Fig. 7 (a) LSV curve of the pristine and Au_xCu_1−x NC-modified TNT samples under AM 1.5G illumination; (b) LSV curve under chopped illumination; (c) current density of the different photoanodes at 1.23 V_RHE, without light and under illumination; and (d) chronoamperometry under chopped illumination at 1.23 V_RHE.

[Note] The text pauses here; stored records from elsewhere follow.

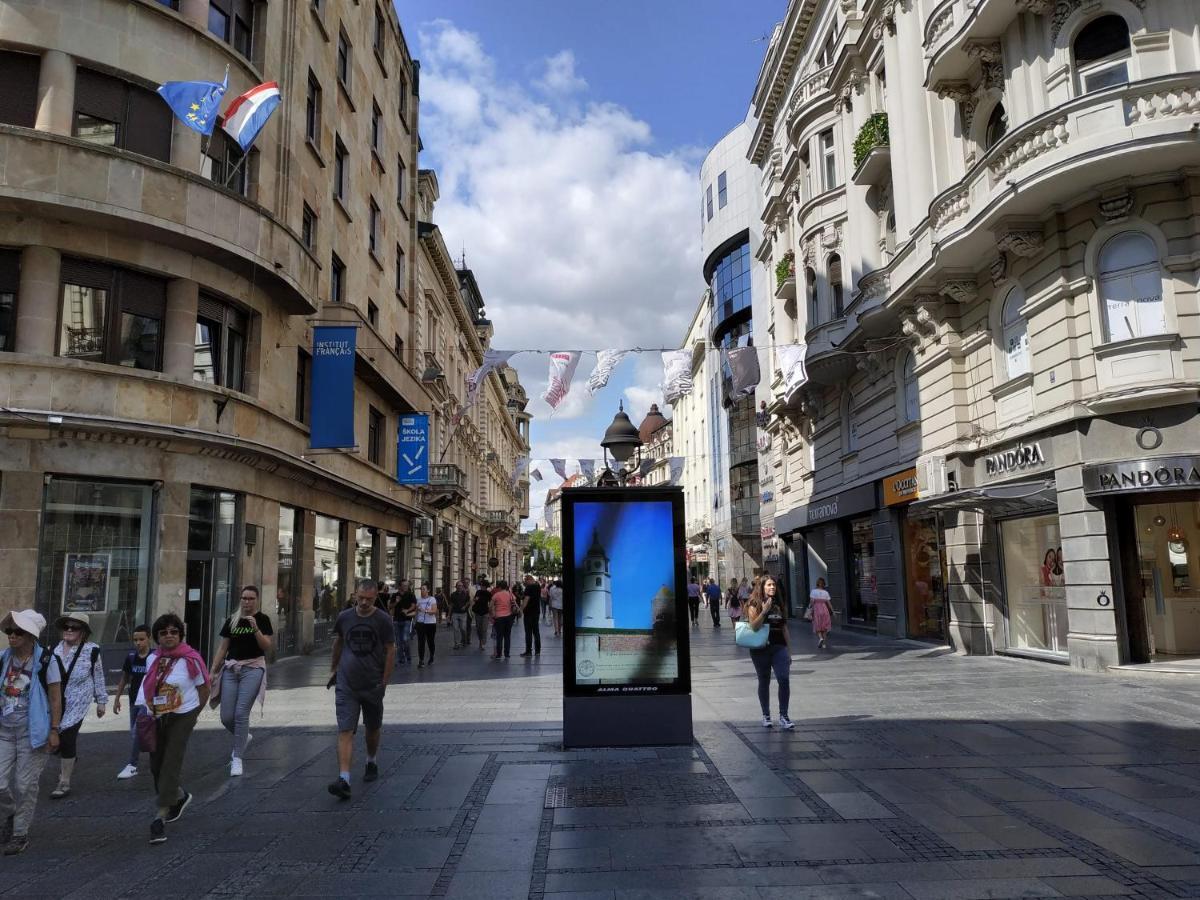 Basco Apartments Knez Mihailova เบลเกรด ภายนอก รูปภาพ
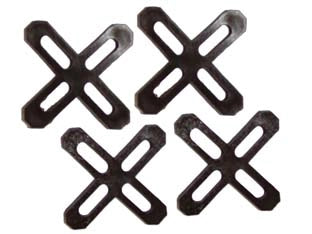 DISTANZIATORE A CROCE PER PIASTRELLE- - mm.1 - 250 pezzi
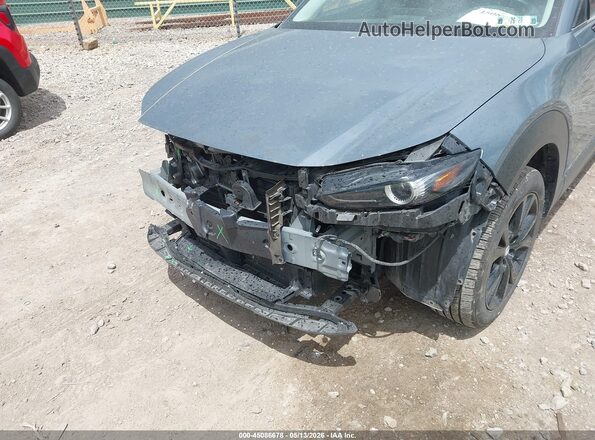 3MVDMBCM9PM528982 2023 MAZDA CX-30 Turquoise Widok z przodu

Chronoamperometric measurements at 1.23 V_RHE (Fig. 7d) show a steady photocurrent for all electrodes and confirm the photocurrent enhancement upon NC modification, particularly with bimetallic Au_xCu_1−x NCs. The Au_0.25Cu_0.75 modified TNT photoanode performs the best. It was found to be photostable at 1.23 V_RHE for at least 1 hour (see the ESI, Fig. S5†). The small activity drop observed at the beginning of the measurements can be related to the re-oxidation of a fraction of copper in the first seconds (see the assessment of the possible current generated by the oxidation of copper in the ESI†), because the photoanodes were reduced before PEC testing. After a period of 90 days, this electrode retained 90% of its initial activity confirming its resistance to ambient conditions.

The applied bias to photon conversion efficiency (ABPE), as calculated using eqn (1) discussed in section 5.3 from values obtained by LSV under illumination, is depicted in Fig. 8a and b. The pristine TNTs electrode exhibits the lowest ABPE of 0.023% at 0.6 V_RHE, while Au_0.75Cu_0.25/TNTs demonstrates a maximum ABPE of 0.061% at 0.6 V_RHE. The Au_0.25Cu_0.75/TNTs sample which has the highest photocurrent at 1.23 V_RHE, shows a slightly lower ABPE of 0.044% at 0.6 V_RHE.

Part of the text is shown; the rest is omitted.